What to produce – Below are some records. Return exactly the lines from the one with "Tokyo」はTIPSTAR DOME CHIBAと幕張メッセで開催！スケジュールも発表の画像3" to the one with "Reuters: Индия попросила", and nothing else.

Records shown –
· · ·

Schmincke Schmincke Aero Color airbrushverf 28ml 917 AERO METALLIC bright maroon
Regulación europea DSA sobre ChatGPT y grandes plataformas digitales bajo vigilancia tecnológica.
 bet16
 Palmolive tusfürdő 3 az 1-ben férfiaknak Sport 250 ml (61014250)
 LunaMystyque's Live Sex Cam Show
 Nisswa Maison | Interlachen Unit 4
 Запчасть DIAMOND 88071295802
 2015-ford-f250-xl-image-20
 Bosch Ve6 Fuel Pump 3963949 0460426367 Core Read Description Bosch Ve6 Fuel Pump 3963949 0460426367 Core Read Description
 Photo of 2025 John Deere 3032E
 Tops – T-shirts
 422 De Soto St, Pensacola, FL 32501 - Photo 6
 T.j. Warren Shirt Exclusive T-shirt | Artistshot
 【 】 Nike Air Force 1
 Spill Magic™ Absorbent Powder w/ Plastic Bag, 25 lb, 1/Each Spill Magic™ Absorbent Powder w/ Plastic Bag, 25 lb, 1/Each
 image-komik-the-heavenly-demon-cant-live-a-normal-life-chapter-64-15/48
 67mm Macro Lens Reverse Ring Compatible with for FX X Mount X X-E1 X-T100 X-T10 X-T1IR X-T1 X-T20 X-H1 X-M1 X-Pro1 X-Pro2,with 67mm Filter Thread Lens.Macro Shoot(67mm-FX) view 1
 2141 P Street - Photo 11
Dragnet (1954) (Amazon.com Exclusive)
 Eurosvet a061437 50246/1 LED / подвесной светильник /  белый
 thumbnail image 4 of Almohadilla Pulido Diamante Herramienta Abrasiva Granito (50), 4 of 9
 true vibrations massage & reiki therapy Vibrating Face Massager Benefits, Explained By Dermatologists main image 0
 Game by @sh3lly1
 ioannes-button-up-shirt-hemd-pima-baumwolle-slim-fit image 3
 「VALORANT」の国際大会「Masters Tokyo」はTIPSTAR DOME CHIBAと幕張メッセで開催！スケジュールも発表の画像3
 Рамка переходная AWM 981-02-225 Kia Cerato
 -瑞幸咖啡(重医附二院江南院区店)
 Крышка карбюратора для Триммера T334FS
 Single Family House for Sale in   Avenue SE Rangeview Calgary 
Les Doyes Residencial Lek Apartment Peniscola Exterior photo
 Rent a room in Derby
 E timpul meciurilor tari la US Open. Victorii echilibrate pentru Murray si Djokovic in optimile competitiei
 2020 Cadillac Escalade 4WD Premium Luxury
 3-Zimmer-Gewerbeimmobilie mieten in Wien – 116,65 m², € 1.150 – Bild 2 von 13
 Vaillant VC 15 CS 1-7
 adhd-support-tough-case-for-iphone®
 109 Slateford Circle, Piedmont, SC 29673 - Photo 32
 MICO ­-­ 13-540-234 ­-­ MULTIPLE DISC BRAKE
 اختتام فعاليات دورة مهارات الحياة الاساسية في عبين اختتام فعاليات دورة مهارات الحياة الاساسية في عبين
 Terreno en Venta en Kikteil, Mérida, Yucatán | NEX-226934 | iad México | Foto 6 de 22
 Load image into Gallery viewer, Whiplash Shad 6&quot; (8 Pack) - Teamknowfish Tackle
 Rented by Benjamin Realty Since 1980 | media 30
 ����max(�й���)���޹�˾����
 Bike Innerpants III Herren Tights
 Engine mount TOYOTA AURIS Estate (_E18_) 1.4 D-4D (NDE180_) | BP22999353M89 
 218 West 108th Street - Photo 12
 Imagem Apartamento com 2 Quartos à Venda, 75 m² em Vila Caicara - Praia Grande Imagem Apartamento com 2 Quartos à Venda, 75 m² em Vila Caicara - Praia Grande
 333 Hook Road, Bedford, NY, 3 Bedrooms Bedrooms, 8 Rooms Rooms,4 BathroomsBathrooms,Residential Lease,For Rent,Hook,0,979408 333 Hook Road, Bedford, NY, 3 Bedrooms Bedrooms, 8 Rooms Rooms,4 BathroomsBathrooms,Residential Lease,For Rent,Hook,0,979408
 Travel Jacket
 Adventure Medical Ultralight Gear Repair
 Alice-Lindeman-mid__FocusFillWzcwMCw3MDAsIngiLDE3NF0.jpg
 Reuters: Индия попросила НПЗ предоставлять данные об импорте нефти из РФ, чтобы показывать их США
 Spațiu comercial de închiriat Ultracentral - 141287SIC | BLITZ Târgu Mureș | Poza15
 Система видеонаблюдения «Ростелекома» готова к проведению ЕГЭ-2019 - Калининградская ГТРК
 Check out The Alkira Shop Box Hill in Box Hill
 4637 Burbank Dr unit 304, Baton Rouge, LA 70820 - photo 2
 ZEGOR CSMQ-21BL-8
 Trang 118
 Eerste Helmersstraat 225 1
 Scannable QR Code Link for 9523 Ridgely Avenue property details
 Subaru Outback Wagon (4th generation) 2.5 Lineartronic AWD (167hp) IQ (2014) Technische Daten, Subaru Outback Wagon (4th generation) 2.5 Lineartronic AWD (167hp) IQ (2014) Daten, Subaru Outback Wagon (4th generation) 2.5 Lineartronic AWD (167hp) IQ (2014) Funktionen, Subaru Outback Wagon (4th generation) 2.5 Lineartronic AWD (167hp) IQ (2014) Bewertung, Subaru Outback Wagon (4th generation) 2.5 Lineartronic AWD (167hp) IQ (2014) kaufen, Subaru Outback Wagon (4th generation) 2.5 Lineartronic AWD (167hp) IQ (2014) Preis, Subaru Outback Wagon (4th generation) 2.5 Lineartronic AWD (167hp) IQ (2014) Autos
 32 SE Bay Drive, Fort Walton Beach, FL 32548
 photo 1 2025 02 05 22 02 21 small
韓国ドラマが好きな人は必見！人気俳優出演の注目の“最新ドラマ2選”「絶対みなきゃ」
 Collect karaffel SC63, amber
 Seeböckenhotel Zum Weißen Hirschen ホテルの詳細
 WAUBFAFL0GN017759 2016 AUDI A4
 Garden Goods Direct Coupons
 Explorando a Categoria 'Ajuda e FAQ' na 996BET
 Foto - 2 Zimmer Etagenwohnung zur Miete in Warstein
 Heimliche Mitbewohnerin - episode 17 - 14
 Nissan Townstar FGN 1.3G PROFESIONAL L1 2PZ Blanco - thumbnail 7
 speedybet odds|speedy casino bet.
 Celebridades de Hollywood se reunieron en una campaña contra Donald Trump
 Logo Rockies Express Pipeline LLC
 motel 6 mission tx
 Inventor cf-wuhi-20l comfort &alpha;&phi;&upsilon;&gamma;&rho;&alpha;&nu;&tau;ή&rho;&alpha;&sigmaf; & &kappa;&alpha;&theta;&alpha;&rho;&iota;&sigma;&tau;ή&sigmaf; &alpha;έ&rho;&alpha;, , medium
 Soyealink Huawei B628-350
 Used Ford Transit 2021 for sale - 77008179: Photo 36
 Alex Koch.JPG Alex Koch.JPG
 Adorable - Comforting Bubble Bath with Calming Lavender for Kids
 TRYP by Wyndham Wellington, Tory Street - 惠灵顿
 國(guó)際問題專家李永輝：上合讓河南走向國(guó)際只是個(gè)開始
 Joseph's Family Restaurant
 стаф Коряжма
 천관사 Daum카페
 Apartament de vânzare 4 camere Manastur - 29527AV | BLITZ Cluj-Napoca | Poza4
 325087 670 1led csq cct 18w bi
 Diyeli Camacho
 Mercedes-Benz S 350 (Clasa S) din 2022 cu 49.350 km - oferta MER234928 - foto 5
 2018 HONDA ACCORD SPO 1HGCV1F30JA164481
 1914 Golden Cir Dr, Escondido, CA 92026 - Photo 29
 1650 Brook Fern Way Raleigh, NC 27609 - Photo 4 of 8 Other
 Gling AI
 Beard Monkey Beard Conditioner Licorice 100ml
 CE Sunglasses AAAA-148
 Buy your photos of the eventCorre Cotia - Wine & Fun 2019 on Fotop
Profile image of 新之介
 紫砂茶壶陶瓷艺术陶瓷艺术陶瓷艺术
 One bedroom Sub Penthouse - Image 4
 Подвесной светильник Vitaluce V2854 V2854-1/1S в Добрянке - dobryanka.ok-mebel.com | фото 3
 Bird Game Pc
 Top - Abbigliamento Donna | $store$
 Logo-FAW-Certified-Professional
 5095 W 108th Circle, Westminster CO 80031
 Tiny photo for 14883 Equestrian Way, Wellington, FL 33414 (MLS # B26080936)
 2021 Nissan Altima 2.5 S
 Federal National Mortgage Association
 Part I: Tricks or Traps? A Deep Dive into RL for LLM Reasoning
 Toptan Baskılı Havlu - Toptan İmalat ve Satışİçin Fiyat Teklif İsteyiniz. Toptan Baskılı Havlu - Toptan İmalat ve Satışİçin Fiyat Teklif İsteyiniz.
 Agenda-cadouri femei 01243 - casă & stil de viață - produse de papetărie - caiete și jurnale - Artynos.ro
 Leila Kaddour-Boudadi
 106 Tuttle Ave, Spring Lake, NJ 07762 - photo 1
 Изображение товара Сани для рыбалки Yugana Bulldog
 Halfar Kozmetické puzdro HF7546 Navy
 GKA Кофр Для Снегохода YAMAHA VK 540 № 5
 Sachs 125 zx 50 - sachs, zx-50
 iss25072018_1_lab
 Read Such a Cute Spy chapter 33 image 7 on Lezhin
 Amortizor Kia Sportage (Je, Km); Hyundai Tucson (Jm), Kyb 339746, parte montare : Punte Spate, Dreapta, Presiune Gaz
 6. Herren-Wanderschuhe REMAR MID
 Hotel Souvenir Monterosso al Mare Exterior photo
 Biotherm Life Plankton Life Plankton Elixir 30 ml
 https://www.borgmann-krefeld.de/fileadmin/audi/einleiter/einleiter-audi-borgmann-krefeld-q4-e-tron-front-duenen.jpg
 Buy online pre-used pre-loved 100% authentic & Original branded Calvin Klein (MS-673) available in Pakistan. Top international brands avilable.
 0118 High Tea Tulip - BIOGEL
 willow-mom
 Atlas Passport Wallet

· · ·

Result of this exercise –
 「VALORANT」の国際大会「Masters Tokyo」はTIPSTAR DOME CHIBAと幕張メッセで開催！スケジュールも発表の画像3
 Рамка переходная AWM 981-02-225 Kia Cerato
 -瑞幸咖啡(重医附二院江南院区店)
 Крышка карбюратора для Триммера T334FS
 Single Family House for Sale in   Avenue SE Rangeview Calgary 
Les Doyes Residencial Lek Apartment Peniscola Exterior photo
 Rent a room in Derby
 E timpul meciurilor tari la US Open. Victorii echilibrate pentru Murray si Djokovic in optimile competitiei
 2020 Cadillac Escalade 4WD Premium Luxury
 3-Zimmer-Gewerbeimmobilie mieten in Wien – 116,65 m², € 1.150 – Bild 2 von 13
 Vaillant VC 15 CS 1-7
 adhd-support-tough-case-for-iphone®
 109 Slateford Circle, Piedmont, SC 29673 - Photo 32
 MICO ­-­ 13-540-234 ­-­ MULTIPLE DISC BRAKE
 اختتام فعاليات دورة مهارات الحياة الاساسية في عبين اختتام فعاليات دورة مهارات الحياة الاساسية في عبين
 Terreno en Venta en Kikteil, Mérida, Yucatán | NEX-226934 | iad México | Foto 6 de 22
 Load image into Gallery viewer, Whiplash Shad 6&quot; (8 Pack) - Teamknowfish Tackle
 Rented by Benjamin Realty Since 1980 | media 30
 ����max(�й���)���޹�˾����
 Bike Innerpants III Herren Tights
 Engine mount TOYOTA AURIS Estate (_E18_) 1.4 D-4D (NDE180_) | BP22999353M89 
 218 West 108th Street - Photo 12
 Imagem Apartamento com 2 Quartos à Venda, 75 m² em Vila Caicara - Praia Grande Imagem Apartamento com 2 Quartos à Venda, 75 m² em Vila Caicara - Praia Grande
 333 Hook Road, Bedford, NY, 3 Bedrooms Bedrooms, 8 Rooms Rooms,4 BathroomsBathrooms,Residential Lease,For Rent,Hook,0,979408 333 Hook Road, Bedford, NY, 3 Bedrooms Bedrooms, 8 Rooms Rooms,4 BathroomsBathrooms,Residential Lease,For Rent,Hook,0,979408
 Travel Jacket
 Adventure Medical Ultralight Gear Repair
 Alice-Lindeman-mid__FocusFillWzcwMCw3MDAsIngiLDE3NF0.jpg
 Reuters: Индия попросила НПЗ предоставлять данные об импорте нефти из РФ, чтобы показывать их США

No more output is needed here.